4. Vector Database (HNSW Index) — Conversational Memory Retrieval

Beyond knowledge base document vectors, InkCop maintains a separate vector index for conversation history, enabling the “Global Memory” feature:

After each conversation ends, the Q&A pair is vectorized and stored
When a new conversation starts, semantically relevant past conversations are automatically retrieved
Relevant historical memories are injected into the system prompt for genuine long-term memory

How the Databases Work Together

Here’s the complete data flow for a single “semantic search”:

1. User asks question → Main agent parses intent
      ↓
2. Knowledge base search tools called:
   ├─ ObjectBox HNSW → Vector semantic similarity search (Top-K chunks)
   └─ Kuzu graph query → Entity relationship path retrieval
      ↓
3. Result fusion: vector scores + graph relationship weights → re-ranking
      ↓
4. SQLite → Query document metadata (title, author, citation info)
      ↓
5. Results injected into context → Cloud LLM generates answer
      ↓
6. AI answer returned with traceable citations

Throughout this process, the cloud LLM only receives your question + the retrieved relevant passages — it never has access to your complete knowledge base.

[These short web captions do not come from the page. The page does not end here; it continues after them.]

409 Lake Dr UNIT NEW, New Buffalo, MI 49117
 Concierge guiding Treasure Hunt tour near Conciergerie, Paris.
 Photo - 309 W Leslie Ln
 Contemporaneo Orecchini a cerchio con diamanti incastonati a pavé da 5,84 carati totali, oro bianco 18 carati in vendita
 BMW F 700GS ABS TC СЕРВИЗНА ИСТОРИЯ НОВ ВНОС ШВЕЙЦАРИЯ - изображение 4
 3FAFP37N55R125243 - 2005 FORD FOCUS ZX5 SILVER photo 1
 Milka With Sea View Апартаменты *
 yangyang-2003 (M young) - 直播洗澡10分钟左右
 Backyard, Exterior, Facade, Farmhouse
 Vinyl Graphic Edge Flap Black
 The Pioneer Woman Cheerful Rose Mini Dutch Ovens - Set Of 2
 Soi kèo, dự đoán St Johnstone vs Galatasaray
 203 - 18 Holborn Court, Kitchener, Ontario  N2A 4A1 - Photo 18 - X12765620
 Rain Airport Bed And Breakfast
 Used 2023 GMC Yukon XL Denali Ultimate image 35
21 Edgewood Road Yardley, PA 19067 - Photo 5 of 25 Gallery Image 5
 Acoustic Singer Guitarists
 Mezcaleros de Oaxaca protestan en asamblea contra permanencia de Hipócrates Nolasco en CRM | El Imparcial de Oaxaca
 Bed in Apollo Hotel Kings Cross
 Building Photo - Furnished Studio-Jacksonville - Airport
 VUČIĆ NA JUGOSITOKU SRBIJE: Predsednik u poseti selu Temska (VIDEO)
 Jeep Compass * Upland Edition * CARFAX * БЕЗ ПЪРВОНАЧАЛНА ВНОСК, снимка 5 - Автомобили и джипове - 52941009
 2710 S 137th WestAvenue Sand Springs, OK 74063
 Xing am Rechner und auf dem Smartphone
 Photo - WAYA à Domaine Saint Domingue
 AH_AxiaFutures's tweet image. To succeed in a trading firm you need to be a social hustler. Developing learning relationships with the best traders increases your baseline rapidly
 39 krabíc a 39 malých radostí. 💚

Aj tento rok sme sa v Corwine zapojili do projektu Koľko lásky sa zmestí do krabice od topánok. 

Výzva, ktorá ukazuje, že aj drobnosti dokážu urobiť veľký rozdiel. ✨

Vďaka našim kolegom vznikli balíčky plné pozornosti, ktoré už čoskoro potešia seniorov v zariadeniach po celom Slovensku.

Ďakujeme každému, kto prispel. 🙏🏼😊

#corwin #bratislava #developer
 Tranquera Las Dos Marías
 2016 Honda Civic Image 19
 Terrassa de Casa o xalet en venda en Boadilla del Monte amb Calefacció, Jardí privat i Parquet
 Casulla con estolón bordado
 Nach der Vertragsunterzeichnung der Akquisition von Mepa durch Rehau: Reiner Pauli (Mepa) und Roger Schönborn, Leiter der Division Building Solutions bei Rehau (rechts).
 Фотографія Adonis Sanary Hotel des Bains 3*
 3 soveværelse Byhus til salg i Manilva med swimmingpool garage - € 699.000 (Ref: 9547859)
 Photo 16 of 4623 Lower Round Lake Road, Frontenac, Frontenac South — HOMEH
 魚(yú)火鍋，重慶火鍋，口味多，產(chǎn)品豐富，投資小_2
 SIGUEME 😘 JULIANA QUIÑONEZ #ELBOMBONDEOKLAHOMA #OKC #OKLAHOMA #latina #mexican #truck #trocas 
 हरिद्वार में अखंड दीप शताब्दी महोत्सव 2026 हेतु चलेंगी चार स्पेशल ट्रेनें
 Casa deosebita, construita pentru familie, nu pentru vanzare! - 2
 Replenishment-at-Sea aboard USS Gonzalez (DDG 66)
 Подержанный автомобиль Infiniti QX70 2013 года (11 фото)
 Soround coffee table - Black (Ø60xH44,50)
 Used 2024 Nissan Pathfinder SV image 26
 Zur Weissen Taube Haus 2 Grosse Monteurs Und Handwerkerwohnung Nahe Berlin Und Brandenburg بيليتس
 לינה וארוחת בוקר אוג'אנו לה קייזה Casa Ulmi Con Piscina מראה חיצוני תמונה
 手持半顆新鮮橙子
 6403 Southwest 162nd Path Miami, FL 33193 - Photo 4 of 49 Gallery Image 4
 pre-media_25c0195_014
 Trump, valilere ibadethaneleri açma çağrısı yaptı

Local Model Support: Fully Offline Operation

InkCop supports running local models (such as Qwen, Llama, etc.) via the built-in llama.cpp service. With a local model enabled:

Inference runs on your local CPU/GPU
Zero network requests: all AI features work completely offline
Suitable for high-security lab environments or network-restricted areas

Encryption and Data Security

Protection Layer	Technology	Coverage
Database encryption	libSQL built-in AES-256	Conversation records, settings
Knowledge base export encryption	Custom-key encrypted archive	Exported knowledge base packages
Transport encryption	HTTPS/TLS	When calling cloud LLMs
Local file isolation	Workspace directory isolation	Multi-user/multi-project

Why This Matters for Academic Researchers

The academic community has extremely high data security requirements:

Academic integrity risk: Uploading unpublished research to cloud servers can create priority disputes
Confidentiality agreements: Research contracts often prohibit uploading research data to third parties
AI detection concerns: Some institutions treat “AI-assisted writing” as academic misconduct; local processing keeps a clear boundary
Data ownership: Researchers should have complete control over their academic work

InkCop’s local multi-database architecture answers these concerns at the technical level: your academic achievements remain in your hands, always.